Stored items

>>>

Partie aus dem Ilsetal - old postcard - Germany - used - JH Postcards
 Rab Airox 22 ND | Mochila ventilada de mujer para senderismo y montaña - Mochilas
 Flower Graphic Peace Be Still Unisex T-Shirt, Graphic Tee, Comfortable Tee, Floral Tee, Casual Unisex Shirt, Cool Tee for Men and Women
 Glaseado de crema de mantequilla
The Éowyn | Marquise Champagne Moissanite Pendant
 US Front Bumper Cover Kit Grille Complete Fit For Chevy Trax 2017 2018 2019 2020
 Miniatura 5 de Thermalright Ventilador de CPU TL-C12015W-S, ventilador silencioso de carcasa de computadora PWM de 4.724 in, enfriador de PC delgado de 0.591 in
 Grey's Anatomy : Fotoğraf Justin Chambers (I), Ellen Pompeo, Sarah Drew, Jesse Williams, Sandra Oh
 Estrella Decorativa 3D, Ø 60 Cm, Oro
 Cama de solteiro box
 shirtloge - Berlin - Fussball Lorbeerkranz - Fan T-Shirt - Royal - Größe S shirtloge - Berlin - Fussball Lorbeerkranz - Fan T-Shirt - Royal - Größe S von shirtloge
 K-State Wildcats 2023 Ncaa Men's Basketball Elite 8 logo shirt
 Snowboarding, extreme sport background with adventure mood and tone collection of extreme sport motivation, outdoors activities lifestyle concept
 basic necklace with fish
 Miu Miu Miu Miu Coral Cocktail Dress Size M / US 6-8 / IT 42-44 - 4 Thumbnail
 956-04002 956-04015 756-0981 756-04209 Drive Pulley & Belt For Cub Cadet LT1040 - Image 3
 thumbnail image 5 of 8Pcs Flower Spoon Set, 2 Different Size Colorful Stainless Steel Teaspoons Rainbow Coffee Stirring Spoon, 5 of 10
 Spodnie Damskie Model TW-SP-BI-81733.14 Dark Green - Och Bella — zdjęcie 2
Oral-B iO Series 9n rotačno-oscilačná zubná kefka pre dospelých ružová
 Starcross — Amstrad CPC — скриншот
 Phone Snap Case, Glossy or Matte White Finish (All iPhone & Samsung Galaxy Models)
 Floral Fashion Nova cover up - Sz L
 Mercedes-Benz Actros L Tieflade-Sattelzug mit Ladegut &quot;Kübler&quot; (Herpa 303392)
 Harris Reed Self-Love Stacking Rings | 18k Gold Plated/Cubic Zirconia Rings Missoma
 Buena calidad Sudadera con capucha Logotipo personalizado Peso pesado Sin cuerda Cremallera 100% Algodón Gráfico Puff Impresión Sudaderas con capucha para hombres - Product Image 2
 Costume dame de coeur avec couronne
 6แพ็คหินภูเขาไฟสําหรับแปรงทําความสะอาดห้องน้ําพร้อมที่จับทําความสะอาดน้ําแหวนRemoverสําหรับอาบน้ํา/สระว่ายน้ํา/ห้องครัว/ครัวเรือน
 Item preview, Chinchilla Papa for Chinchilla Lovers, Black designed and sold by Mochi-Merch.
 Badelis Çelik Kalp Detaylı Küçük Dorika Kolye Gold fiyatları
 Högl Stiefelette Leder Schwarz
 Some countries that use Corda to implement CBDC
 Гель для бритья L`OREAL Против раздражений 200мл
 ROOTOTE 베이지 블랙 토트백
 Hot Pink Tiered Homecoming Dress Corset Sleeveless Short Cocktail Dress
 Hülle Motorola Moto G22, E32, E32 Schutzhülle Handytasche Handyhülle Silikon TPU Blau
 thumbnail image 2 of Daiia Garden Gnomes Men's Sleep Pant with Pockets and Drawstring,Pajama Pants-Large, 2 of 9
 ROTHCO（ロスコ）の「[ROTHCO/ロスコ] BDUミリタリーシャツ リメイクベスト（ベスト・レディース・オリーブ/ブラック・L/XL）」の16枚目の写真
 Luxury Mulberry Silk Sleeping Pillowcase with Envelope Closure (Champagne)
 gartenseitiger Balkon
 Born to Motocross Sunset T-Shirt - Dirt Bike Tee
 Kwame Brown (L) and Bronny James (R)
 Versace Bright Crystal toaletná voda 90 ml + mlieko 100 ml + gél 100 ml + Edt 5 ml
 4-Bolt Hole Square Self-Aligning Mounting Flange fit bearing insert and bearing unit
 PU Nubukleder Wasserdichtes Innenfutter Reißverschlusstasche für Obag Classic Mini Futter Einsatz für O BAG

<<<

**Task brief**
Taking the entries above, restate exactly those lines that fall between the line with "Miniatura 5 de" and the line with "basic necklace with fish", keeping both of those lines too.

**Finished task**
 Miniatura 5 de Thermalright Ventilador de CPU TL-C12015W-S, ventilador silencioso de carcasa de computadora PWM de 4.724 in, enfriador de PC delgado de 0.591 in
 Grey's Anatomy : Fotoğraf Justin Chambers (I), Ellen Pompeo, Sarah Drew, Jesse Williams, Sandra Oh
 Estrella Decorativa 3D, Ø 60 Cm, Oro
 Cama de solteiro box
 shirtloge - Berlin - Fussball Lorbeerkranz - Fan T-Shirt - Royal - Größe S shirtloge - Berlin - Fussball Lorbeerkranz - Fan T-Shirt - Royal - Größe S von shirtloge
 K-State Wildcats 2023 Ncaa Men's Basketball Elite 8 logo shirt
 Snowboarding, extreme sport background with adventure mood and tone collection of extreme sport motivation, outdoors activities lifestyle concept
 basic necklace with fish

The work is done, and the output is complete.